Sixaxis didnt even see its way on a simple rail shooter that worked as well as the DS4 from the first effort. No developer is willing to make something primary which isnt perfect. Even Echochrome had a noisy impementation, Heavenly Sword and Motorstorm which were supposed to showcase the controls and the PS3 abilities had obvious lag and precision problems. Heavenly Sword used motion controls as a selling point. It was a highlighted feature,not something just shoved in for the sakes of shoving it in. If they could do more and make it work better they would have done it. Motorstorm was immersing with motion but never felt as responsive. Why not make it work better if it can? It couldnt. Unless you blame Evolution Studios
That's the first time I've heard of criticism about the results. You may be right. My experience first hand with things like Warhawk's flight were nigh perfect, and can't really be improved upon AFAICS. But there may be other games where it can be improved.
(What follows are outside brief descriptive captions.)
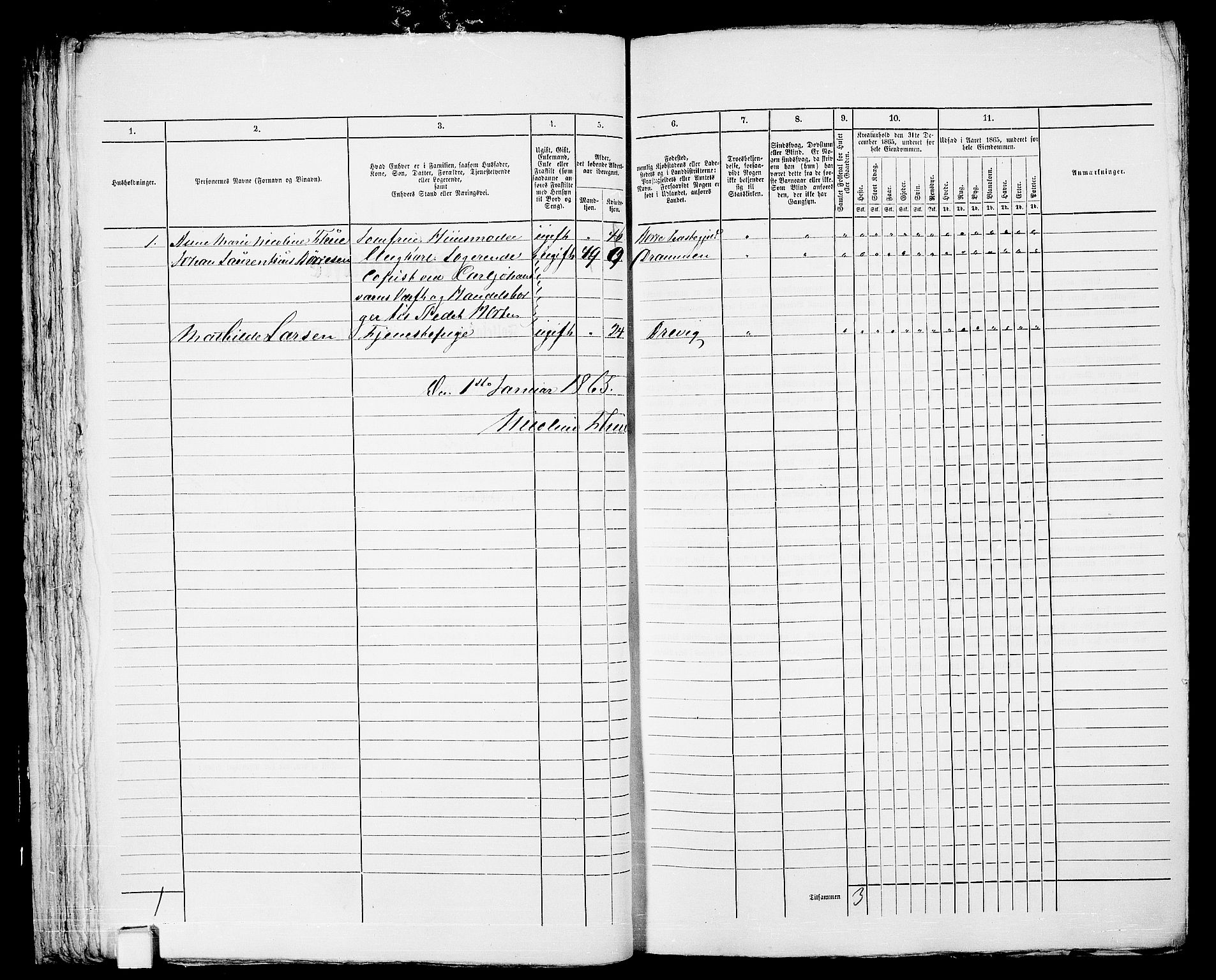 RA, 1865 census for Horten, 1865, p. 512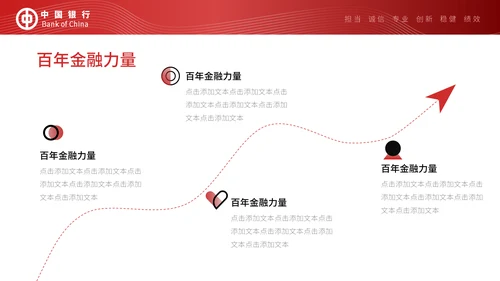 中国银行工作汇报通用PPT模板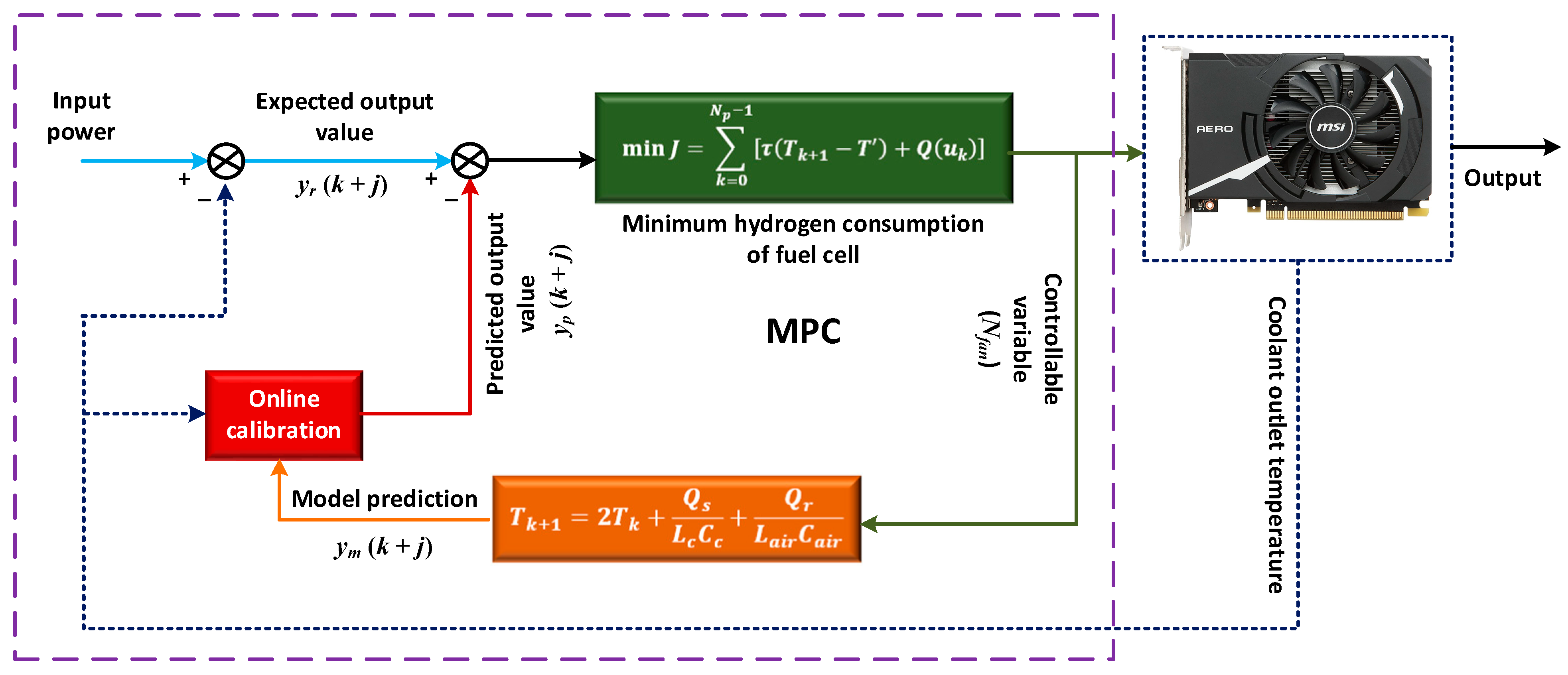 Batteries 08 00119 g010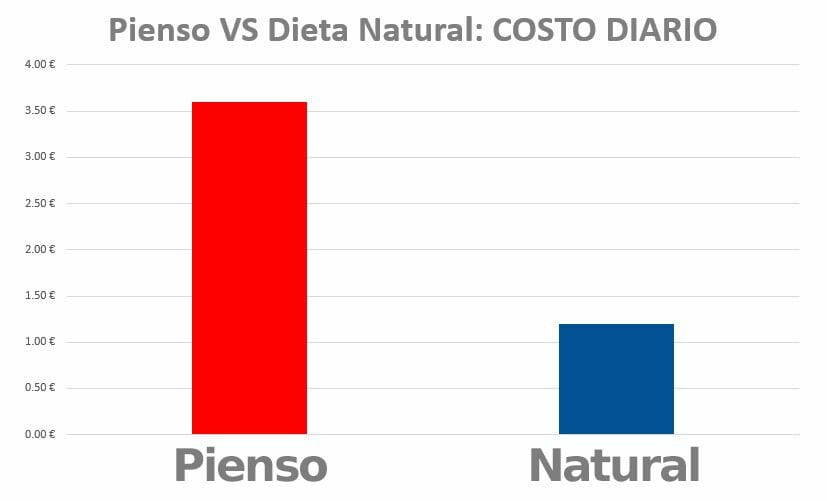 PiensoVsNatural-Grafico2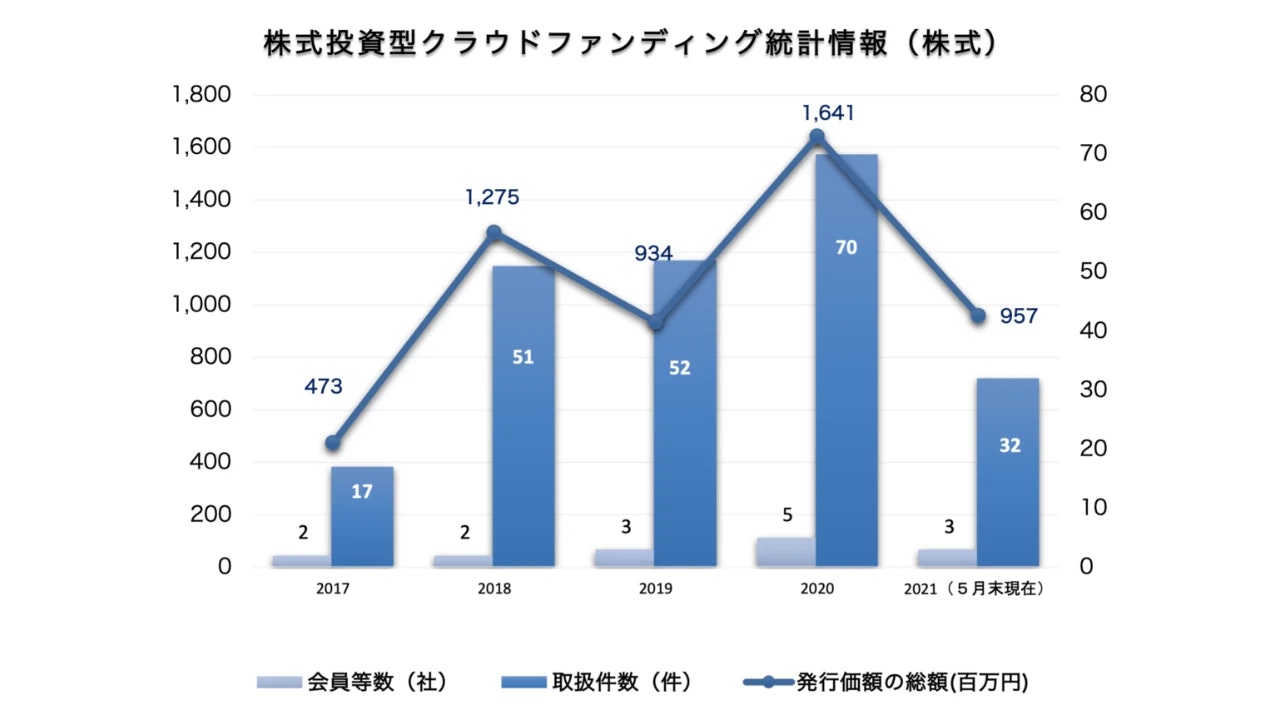 出典：日本証券業協会　株式投資型クラウドファンディングの統計情報・取扱状況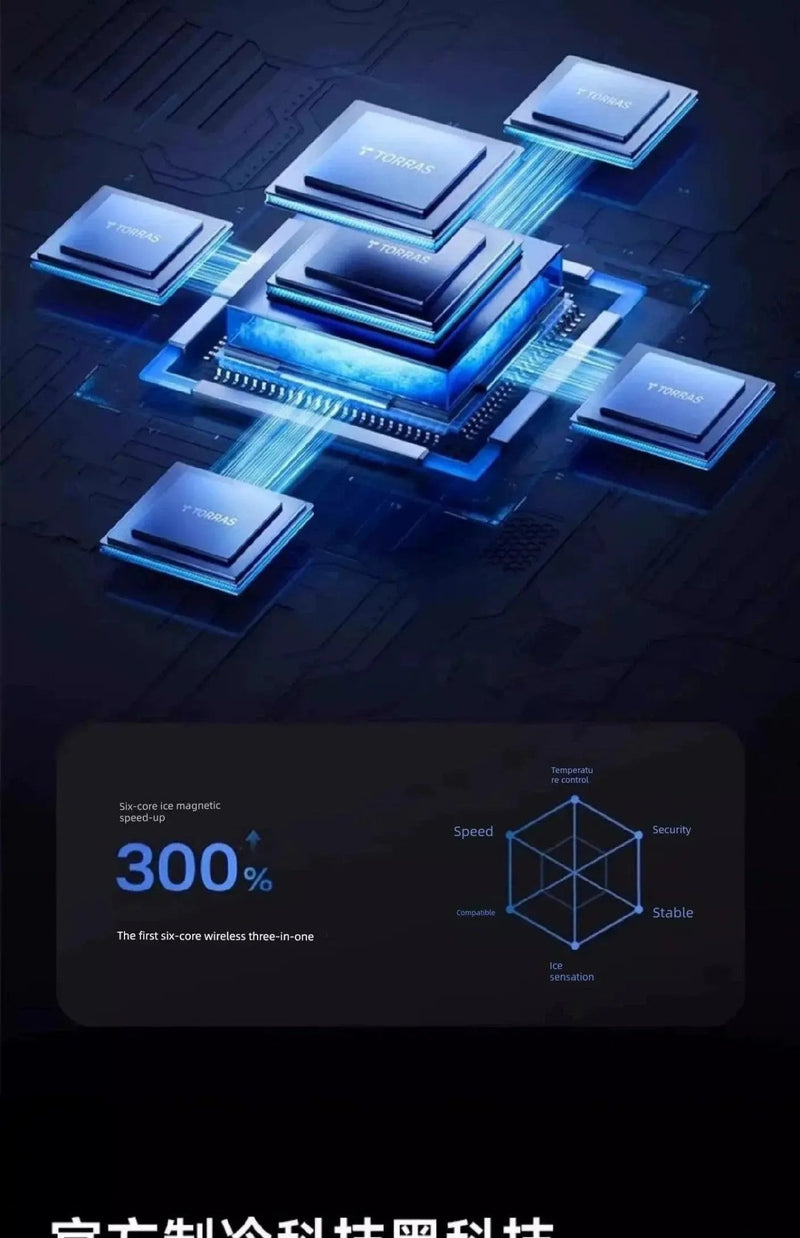 Three - in - One Magnetic Foldable Fast Charging Base Bracket Apple - Lacatang Shop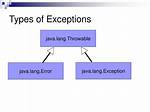 Java. Lang. Exception: No Runnable Methods Exception in Running Junits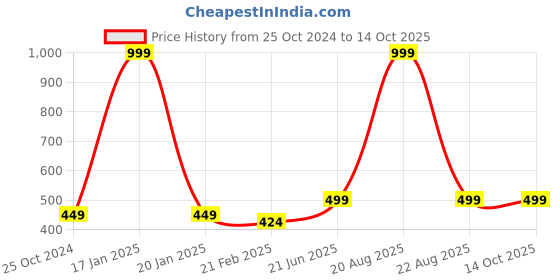 myntra.com COLOR CAPITAL Sheer Mesh Bodysuit color capital Price History Graph from 25 Oct 2024 to 14 Oct 2025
But as you can see there are a ton of technical differences posted above
I'm not going to enter into a technical discussion until someone who knows what all those numbers means comes in to explain them. I have my interpretation but there's little reason for me to trust it, nor anyone's else's interpretation if their electronic engineering know how is as weak as mine. ;)

I think some people have been reading me wrong though, and thinking I'm being a bit obtuse. My position is that I have used sixaxis without problem. I've found it accurate and responsive, as I've used it. I've also read positive things on the internet about it. So I don't see the hardware as weak and limited. Now it could well be, but the way to convince me isn't to just say, "it's better," or, "it's newer," or "look at these numbers," because none of those are real arguments - just assertions. Either I need to see some comparisons of use that show not only the improvements but also the original limitations (eg. why DS4 could be used for a hockey game for direct player control but sixaxis couldn't), or a technical breakdown of the hardware and why DS4 could be better.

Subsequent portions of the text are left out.